● **Task instructions**
Nothing but the lines from the top of the following entries through the line with "IMG_20260209_080624276_AE1" should be printed, exactly as they are.

● **Records provided**
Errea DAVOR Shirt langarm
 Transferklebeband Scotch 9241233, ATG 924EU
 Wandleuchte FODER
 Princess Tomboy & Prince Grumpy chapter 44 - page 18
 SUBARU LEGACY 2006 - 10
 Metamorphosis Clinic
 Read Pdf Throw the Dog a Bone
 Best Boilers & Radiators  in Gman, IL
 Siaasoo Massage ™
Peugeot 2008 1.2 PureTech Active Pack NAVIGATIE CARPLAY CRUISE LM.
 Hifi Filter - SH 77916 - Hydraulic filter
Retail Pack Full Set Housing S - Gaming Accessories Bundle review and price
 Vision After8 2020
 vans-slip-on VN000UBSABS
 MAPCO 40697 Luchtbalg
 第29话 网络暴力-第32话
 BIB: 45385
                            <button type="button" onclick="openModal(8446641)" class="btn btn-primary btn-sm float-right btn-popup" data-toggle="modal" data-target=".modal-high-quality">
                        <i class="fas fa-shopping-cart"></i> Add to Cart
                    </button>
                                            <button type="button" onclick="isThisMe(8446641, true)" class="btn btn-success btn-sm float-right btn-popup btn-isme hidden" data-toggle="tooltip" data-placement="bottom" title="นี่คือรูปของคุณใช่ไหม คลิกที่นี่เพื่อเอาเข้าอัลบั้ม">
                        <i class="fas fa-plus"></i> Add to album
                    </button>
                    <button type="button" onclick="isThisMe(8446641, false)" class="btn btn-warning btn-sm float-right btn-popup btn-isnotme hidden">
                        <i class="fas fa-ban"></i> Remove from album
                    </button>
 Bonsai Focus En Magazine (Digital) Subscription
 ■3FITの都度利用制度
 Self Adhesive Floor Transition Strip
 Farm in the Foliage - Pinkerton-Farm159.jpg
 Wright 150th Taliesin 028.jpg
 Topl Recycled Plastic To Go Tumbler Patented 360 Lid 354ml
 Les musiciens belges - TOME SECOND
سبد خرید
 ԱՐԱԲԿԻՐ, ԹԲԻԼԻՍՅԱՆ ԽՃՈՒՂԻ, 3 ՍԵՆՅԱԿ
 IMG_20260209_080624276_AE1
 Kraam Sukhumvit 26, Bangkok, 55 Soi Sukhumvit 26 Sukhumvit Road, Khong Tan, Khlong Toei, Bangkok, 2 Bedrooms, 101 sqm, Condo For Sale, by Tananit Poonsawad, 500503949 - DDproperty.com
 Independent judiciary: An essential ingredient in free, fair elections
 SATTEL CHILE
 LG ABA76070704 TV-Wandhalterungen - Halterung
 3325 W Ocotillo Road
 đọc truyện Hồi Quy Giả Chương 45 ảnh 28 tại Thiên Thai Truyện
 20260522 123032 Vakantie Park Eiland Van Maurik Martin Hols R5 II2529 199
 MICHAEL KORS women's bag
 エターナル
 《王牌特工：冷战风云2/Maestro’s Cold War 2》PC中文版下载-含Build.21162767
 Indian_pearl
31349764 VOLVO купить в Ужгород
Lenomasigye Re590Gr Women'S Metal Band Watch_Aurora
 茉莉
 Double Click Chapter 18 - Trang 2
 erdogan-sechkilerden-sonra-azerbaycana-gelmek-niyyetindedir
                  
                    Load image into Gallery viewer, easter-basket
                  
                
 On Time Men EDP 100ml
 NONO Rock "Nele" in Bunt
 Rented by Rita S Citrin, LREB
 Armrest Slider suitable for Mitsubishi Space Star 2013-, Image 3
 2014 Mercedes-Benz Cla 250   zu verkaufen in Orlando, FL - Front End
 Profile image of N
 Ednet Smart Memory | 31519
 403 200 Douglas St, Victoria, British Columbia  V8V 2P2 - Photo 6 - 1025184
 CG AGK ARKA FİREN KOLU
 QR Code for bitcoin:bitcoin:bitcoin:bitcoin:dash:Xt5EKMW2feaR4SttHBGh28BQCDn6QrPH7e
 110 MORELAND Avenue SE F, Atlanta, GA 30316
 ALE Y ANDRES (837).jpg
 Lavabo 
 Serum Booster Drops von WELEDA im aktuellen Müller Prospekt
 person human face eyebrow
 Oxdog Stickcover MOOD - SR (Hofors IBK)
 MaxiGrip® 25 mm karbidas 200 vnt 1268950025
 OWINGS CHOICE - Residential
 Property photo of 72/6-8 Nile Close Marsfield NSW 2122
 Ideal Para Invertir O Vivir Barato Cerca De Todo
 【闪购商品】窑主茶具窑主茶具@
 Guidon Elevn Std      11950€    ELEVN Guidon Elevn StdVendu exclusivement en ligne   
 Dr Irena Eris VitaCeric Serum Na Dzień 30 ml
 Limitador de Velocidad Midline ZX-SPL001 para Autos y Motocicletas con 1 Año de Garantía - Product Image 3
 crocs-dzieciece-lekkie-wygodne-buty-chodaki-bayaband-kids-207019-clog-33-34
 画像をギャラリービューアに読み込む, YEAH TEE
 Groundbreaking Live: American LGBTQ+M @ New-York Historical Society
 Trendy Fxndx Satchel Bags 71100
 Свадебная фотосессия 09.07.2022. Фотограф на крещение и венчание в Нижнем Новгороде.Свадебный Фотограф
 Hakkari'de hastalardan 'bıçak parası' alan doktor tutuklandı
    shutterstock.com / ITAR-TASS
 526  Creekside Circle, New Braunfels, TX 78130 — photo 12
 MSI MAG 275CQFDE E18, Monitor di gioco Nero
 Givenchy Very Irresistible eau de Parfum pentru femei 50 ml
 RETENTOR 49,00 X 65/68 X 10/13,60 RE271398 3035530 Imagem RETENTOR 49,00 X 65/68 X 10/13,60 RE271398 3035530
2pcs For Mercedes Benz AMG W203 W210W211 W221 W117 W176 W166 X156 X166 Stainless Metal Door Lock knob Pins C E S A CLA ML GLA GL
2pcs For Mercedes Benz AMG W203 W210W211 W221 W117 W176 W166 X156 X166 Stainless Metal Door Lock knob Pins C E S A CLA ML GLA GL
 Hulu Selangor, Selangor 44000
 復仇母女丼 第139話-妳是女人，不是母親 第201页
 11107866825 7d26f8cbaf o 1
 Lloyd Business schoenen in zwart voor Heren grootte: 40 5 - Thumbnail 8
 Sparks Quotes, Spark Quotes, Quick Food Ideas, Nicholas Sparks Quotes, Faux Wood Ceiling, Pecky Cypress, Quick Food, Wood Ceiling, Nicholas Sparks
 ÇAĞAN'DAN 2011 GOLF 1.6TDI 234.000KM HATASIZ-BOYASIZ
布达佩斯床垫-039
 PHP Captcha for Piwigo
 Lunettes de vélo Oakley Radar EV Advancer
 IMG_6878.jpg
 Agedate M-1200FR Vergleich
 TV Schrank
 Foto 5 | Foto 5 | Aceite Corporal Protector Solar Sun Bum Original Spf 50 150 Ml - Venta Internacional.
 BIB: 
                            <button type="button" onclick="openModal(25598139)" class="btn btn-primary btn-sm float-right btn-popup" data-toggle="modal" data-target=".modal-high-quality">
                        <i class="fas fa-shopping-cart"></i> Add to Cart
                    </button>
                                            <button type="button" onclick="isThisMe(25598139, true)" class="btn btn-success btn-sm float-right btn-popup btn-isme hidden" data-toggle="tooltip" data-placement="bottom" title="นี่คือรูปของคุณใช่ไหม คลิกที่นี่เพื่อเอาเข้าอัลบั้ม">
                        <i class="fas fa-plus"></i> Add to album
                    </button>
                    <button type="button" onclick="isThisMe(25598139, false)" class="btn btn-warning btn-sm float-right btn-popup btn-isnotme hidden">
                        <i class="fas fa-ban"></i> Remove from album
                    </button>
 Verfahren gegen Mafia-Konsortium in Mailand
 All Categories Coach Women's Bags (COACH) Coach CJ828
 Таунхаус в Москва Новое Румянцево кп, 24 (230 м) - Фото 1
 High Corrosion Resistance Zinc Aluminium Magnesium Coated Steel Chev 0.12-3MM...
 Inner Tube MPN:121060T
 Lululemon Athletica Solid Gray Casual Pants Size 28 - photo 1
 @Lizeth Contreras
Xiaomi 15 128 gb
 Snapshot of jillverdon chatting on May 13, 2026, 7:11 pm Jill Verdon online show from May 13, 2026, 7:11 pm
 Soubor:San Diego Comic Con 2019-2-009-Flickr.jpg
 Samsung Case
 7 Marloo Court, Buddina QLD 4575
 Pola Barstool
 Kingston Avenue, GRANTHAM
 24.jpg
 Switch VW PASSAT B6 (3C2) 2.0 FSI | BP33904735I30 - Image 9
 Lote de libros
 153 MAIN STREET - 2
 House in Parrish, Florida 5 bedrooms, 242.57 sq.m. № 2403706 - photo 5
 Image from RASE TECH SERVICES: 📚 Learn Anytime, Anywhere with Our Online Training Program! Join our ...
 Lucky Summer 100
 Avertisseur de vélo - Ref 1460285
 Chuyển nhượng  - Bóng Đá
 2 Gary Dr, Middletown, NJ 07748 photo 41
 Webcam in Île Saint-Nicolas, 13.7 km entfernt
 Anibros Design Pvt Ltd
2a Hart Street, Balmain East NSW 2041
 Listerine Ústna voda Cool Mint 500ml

● **Reply to the task**
Errea DAVOR Shirt langarm
 Transferklebeband Scotch 9241233, ATG 924EU
 Wandleuchte FODER
 Princess Tomboy & Prince Grumpy chapter 44 - page 18
 SUBARU LEGACY 2006 - 10
 Metamorphosis Clinic
 Read Pdf Throw the Dog a Bone
 Best Boilers & Radiators  in Gman, IL
 Siaasoo Massage ™
Peugeot 2008 1.2 PureTech Active Pack NAVIGATIE CARPLAY CRUISE LM.
 Hifi Filter - SH 77916 - Hydraulic filter
Retail Pack Full Set Housing S - Gaming Accessories Bundle review and price
 Vision After8 2020
 vans-slip-on VN000UBSABS
 MAPCO 40697 Luchtbalg
 第29话 网络暴力-第32话
 BIB: 45385
                            <button type="button" onclick="openModal(8446641)" class="btn btn-primary btn-sm float-right btn-popup" data-toggle="modal" data-target=".modal-high-quality">
                        <i class="fas fa-shopping-cart"></i> Add to Cart
                    </button>
                                            <button type="button" onclick="isThisMe(8446641, true)" class="btn btn-success btn-sm float-right btn-popup btn-isme hidden" data-toggle="tooltip" data-placement="bottom" title="นี่คือรูปของคุณใช่ไหม คลิกที่นี่เพื่อเอาเข้าอัลบั้ม">
                        <i class="fas fa-plus"></i> Add to album
                    </button>
                    <button type="button" onclick="isThisMe(8446641, false)" class="btn btn-warning btn-sm float-right btn-popup btn-isnotme hidden">
                        <i class="fas fa-ban"></i> Remove from album
                    </button>
 Bonsai Focus En Magazine (Digital) Subscription
 ■3FITの都度利用制度
 Self Adhesive Floor Transition Strip
 Farm in the Foliage - Pinkerton-Farm159.jpg
 Wright 150th Taliesin 028.jpg
 Topl Recycled Plastic To Go Tumbler Patented 360 Lid 354ml
 Les musiciens belges - TOME SECOND
سبد خرید
 ԱՐԱԲԿԻՐ, ԹԲԻԼԻՍՅԱՆ ԽՃՈՒՂԻ, 3 ՍԵՆՅԱԿ
 IMG_20260209_080624276_AE1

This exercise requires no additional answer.